All this aside, Wodehouse is hilarious. He can't help but be hilarious. When he describes his ears as being large and "attached at right angles" and his overall appearance as tending toward the ailing piscine, I have a very justifiable reason to giggle at the image. When he describes the seventh of his nine holes of indoor golf, I lose a solid half-pound in burned calories and discover exactly what new colours appear after abstaining from air for forty seconds. (Leave it to Psmith is still my all time favorite comic work, particularly the application of socialist principles to an especially fine umbrella.) So, perhaps my taste is still developing and I shall look back on this as one of his greater works.

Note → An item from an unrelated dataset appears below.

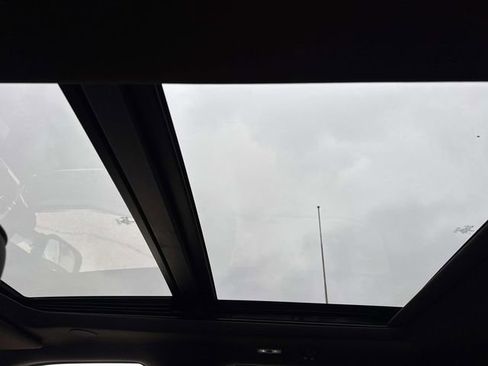 New 2026 Ford F350 King Ranch w/ Chrome Package image 7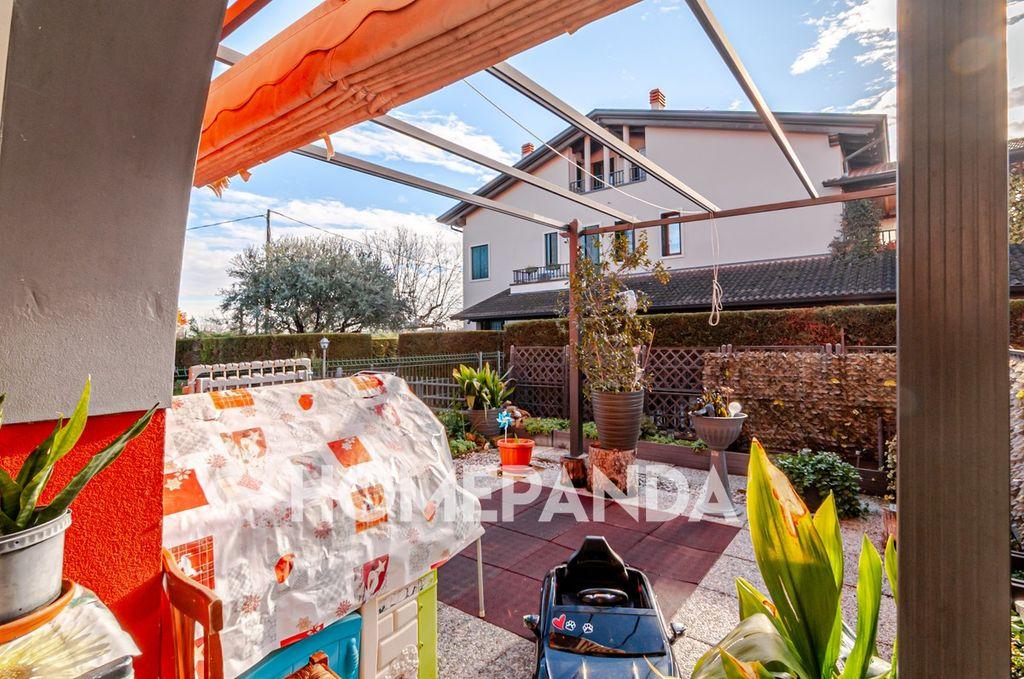 immagine annuncio 3 di 15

Also, the application of wax to a floor is not particularly conducive to the appreciation of nuanced dry humour, but I still fear that this collection was not exactly his greatest.
Still, even with my lack of palate, I cannot overemphasize the playful joy of his prose: "Moths had nested in his wallet and raised large families," or, "he was a tubby chap, who looked as if he had been poured into his clothes and had forgotten to say when," or, "he looked ever more like a pterodactyl with a secret sorrow." Wodehouse is a necessary ingredient for a happy life. Just take care if you are reading him at the breakfast table that you take bites between sentences, and not in the midst of them, for his jokes be not of ruth and they enter the scenes as silently as Jeeves.